Nsarkoh, known for his systems-thinking approach, delivered a penetrating analysis of Africa’s governance crisis. He traced current failures to the postcolonial state’s fundamental design – institutions that preserved colonial structures rather than reengineering them for public service. “The post-colonial state was never redesigned to deliver outcomes for the majority,” he observed, noting how political elites operate in insulated bubbles, accessing private healthcare and education while leaving citizens to navigate broken systems.
The veteran executive identified this as more than ethical failure – it represents a structural and imaginative deficit. Decades of neoliberal policies hollowed out state capacity, creating administrations strong enough to extract resources but too weak to deliver services. The result is what Nsarkoh termed “Santa Claus democracy,” where politicians offer election-season handouts rather than systemic solutions.
Yet his message carried hope, not despair. Africa’s path forward, he argued, requires rebuilding intellectual and institutional foundations. “We need an intellectual vanguard – not necessarily academics, but thinkers who apply rigor to real problems,” Nsarkoh stated, emphasizing that no society has achieved prosperity without disciplined long-term planning. He cautioned against imported solutions and leadership cults: “If your solution is finding one brilliant leader, you’ve already failed. You need systems that work when no one is brilliant.”
The conversation highlighted historical awareness as critical to transformation. Nsarkoh invoked Amílcar Cabral’s wisdom about people’s power, stressing that true development emerges when citizens mobilize around shared visions rather than waiting for deliverance. “Civilization isn’t inherited; it’s built,” he remarked, calling for institutions that make dignity possible for all.

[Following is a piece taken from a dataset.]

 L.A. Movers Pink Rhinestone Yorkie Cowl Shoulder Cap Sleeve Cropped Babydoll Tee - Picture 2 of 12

This challenge extends beyond governments to business and civil society leaders. Africa’s transformation demands moving from slogans to substance, from celebrating events to engineering systems. As Nsarkoh concluded: “The real work is ours to do – together, structurally, and sustainably.” His vision offers both indictment and roadmap: only by confronting systemic failures can Africa unlock its dormant potential.